Thank you for the exquisitely articulated memories. I look forward to following your adventures in Firenze!
Wishing you much joy, excitement and fun on your artistic journey. Hope you share some of your artwork from your lessons. Safe travels! … Sandy
I always LOVE to hear people going for it, pursuing something that nurtures the spark they have (had) into a flame! I am so happy for you Eric! What a joy! I too am embracing the next step in my artistic journey. I finally decided to take action that fuels my spark and have engaged with a teacher/mentor. It’s daunting, and the little voice of “resistance” keeps speaking…but I am ignoring it this time as well.
Soak in all that rich experience has to offer!! The friendships, the struggles, the doubt, the slience and loneliness, the history, the culture…and anything unkown or unexpected that pops up along the way!!
sounds great!
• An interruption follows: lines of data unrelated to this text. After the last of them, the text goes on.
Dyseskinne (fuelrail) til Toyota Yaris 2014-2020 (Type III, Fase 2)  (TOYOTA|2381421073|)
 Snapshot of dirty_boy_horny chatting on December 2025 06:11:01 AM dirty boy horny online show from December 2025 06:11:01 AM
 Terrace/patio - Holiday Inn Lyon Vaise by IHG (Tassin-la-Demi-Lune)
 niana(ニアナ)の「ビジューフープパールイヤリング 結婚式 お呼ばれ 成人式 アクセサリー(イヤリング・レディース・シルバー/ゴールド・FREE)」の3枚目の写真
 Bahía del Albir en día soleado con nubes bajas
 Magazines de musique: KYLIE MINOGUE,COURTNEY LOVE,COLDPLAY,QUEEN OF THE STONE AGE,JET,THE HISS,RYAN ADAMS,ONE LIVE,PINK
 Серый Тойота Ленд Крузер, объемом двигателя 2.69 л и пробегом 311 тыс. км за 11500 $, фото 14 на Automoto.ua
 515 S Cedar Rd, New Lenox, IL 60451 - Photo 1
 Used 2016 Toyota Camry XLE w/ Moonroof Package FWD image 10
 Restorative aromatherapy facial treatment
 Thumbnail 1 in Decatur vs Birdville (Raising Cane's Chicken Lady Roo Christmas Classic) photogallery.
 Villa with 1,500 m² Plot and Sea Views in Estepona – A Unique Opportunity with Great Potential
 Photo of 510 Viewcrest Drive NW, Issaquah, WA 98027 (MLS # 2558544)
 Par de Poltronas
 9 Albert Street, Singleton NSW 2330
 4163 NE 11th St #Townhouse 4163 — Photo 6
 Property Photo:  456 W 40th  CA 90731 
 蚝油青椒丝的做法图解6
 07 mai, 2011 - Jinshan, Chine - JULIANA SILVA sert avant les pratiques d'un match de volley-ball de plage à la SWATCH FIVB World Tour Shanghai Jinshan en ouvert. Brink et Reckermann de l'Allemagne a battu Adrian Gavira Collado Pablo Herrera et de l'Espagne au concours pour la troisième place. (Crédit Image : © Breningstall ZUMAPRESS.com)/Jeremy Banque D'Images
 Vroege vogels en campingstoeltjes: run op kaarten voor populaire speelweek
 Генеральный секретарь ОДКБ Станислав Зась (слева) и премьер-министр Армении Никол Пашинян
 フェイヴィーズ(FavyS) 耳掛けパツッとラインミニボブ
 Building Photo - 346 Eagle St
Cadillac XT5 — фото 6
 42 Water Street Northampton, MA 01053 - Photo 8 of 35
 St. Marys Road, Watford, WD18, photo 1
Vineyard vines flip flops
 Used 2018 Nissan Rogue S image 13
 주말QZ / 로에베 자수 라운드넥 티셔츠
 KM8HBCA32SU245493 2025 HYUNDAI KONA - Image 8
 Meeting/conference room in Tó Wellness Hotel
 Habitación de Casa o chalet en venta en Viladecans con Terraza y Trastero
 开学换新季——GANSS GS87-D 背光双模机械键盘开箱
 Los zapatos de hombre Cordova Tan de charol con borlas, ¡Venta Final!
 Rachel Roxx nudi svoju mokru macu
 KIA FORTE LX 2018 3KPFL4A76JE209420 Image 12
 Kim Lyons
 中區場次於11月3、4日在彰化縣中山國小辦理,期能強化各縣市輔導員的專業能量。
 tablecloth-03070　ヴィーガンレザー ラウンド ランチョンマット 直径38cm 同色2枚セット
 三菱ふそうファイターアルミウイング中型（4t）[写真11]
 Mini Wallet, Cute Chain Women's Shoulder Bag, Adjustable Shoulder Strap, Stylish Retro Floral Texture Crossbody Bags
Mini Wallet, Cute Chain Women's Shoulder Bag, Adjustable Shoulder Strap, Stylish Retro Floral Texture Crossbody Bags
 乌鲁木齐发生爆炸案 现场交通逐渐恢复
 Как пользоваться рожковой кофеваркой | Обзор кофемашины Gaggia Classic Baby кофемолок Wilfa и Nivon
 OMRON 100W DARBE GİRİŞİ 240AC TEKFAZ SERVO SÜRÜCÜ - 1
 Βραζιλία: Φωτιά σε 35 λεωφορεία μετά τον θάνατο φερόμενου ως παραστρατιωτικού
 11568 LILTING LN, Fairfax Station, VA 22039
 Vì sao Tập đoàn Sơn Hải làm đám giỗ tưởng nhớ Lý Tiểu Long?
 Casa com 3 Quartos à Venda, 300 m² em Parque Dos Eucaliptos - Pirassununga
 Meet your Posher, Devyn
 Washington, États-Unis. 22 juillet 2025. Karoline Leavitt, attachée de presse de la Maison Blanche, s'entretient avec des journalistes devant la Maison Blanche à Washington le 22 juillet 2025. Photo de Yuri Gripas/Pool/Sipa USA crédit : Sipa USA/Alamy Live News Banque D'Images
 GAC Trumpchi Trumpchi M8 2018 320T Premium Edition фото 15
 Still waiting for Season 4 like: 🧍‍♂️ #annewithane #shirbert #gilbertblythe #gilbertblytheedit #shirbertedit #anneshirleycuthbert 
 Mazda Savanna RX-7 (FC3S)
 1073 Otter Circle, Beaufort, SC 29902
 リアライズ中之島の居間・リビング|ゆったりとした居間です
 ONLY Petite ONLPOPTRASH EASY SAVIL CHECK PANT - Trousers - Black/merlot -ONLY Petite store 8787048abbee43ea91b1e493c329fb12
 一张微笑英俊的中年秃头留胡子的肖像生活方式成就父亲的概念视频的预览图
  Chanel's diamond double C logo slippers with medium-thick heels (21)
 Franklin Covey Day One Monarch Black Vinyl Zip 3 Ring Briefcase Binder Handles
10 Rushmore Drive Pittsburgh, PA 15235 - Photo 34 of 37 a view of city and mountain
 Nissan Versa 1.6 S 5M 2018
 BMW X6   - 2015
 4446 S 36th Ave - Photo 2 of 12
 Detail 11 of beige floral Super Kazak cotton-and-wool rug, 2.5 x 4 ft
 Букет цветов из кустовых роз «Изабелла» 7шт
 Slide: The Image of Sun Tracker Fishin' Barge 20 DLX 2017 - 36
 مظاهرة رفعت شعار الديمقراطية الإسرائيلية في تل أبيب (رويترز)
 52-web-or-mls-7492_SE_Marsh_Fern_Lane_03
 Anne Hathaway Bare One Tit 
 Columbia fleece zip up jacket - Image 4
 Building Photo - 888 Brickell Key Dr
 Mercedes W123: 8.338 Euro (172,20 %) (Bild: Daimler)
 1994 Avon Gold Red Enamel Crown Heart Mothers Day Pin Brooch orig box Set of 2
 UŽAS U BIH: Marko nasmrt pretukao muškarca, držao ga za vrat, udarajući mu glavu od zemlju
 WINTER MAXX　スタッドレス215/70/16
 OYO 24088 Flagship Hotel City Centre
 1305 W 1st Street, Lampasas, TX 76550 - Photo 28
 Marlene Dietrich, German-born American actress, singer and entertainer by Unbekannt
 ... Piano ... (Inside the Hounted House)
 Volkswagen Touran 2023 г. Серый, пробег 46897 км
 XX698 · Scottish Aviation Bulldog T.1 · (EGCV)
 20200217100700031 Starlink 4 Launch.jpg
Brings back recollections of packing the pickup with paintings, raw canvas and supplies and heading out to the mountains for several months of hiking, sketching and painting alternated with enough pop up exhibitions to keep me alive.
have tried to live that way as a habit.
So inspired by this message. Dreams are meant to be explored lived and experienced! Congratulations on your journey, so excited for you, Eric!!
Sending you much love and exquisite Light,
Denise
It will be a tremendous opportunity for you to really concentrate on your ongoing art journey. Best of luck.
Wow 5 whole weeks! I doubt you will be alone for more than a few days. As far as I can tell you have never met a stranger/, Good for you.Enjoy.